9) Cedar Road in Cleveland Heights, University Heights and South Euclid and University Heights between Goodnor and Fenwick roads (150, 5).

10) East 93rd Street in Cleveland between Prince and Bessemer avenues. (138, 9).

Traffic crashes can happen in a matter of seconds. Perhaps no one is more aware of that than Anthony Bartholomew.

Bartholomew was working on a forklift at Terry’s North Coast Auto in Cleveland when the driver of a stolen car slammed into a telephone pole just feet in front of him.

“I was sitting on our forklift in front of the shop. And when I looked up, the vehicle was 10 feet away from hitting me,” Bartholomew said. “I think about it almost every day. You know it could’ve taken my life.”

Curbing the number of traffic deaths starts with two key factors: changing driver behaviors and re-imagining our infrastructure by evaluating how we build our roads.

Harvey Miller is a professor of geography and director of the Center for Urban and Regional Analysis at Ohio State University. Miller is a supporter of utilizing Complete Street designs to calm traffic.

Complete Streets are designed to prioritize safety, comfort, and access for all modes of transportation including cars, pedestrians, bicyclists, and public transit.

“These Complete Street designs actually calm traffic and force drivers to drive a little bit slower and more mindfully,” Miller said. “People just take risks because we're creating this illusion that it's safe to move at high speeds through these streets.”

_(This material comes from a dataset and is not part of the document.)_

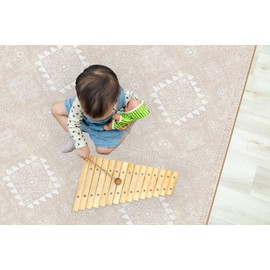MOON WALKERS Stylish Boho Baby Play Mats for Floor, Play Mat for Babies and Toddlers, Non-Toxic, Soft, Thick, Tummy Time Mat for Crawling (Moon Mist, Extra Large 6x6ft | 9 Tiles)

A safe road is one where speeds are manageable. Currently, roads are designed for speed, not safety, and based on the engineering principles that are designed to eliminate mistakes by drivers. Those designs encourage faster and more reckless driving.

Complete Streets make space for pedestrians through better sidewalks, protect cyclists with bike lanes and have dedicated bus lanes and safer stops.

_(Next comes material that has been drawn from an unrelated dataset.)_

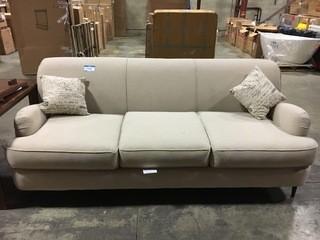 Beige - Fabric 3-seat Sofa w/2 throw cushions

“The number of people struck and killed by drivers nationwide by walking has increased almost 50% over the last decade,” Miller said.

In the five-county area that NOACA serves (Cuyahoga, Lake, Geauga, Lorain and Medina), there were 50,300 crashes in 2019. Fatalities increased from the previous year from 112 to 134, as did the number of serious crashes resulting in injury — 1,034 to 1,337.

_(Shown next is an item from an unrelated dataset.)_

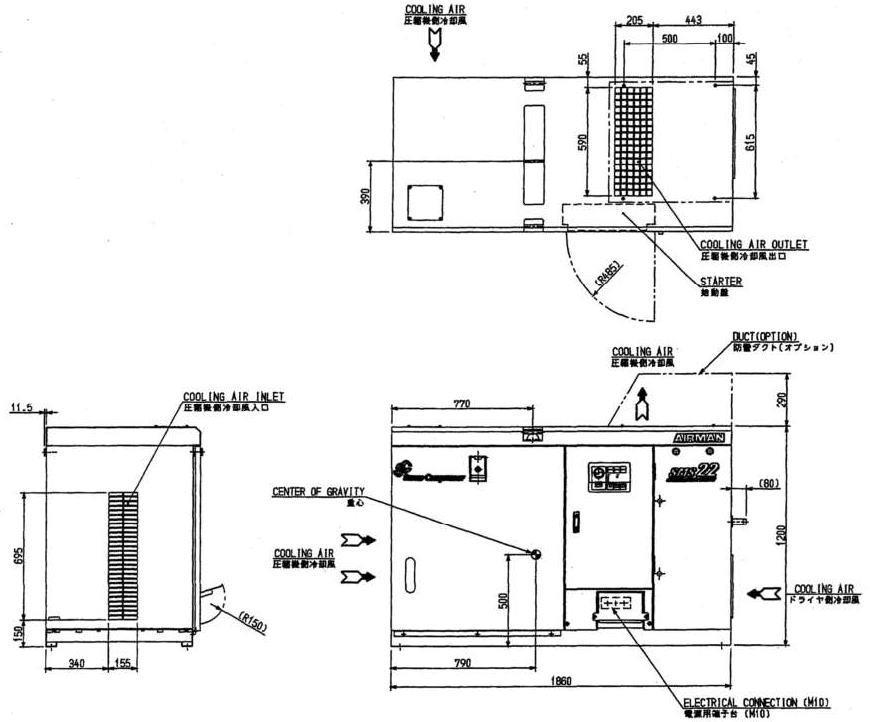 (011032)200V×22KWモーターコンプレッサー（DRY）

Speed and seatbelts are two key components in limiting the number of traffic deaths in the future for safety officials. While cell phones still play a large role in distracted driving, the shift in the design philosophy of the roads could help speed up the biggest changes.

“These are by design, forcing drivers to be a little more mindful and drive perhaps a little slower,” Miller said. “It doesn't cost them, but studies have shown, in terms of travel time, we're only talking like a delay of a few minutes going through a typical corridor. I think human lives are worth just a few minutes of drivers' time.”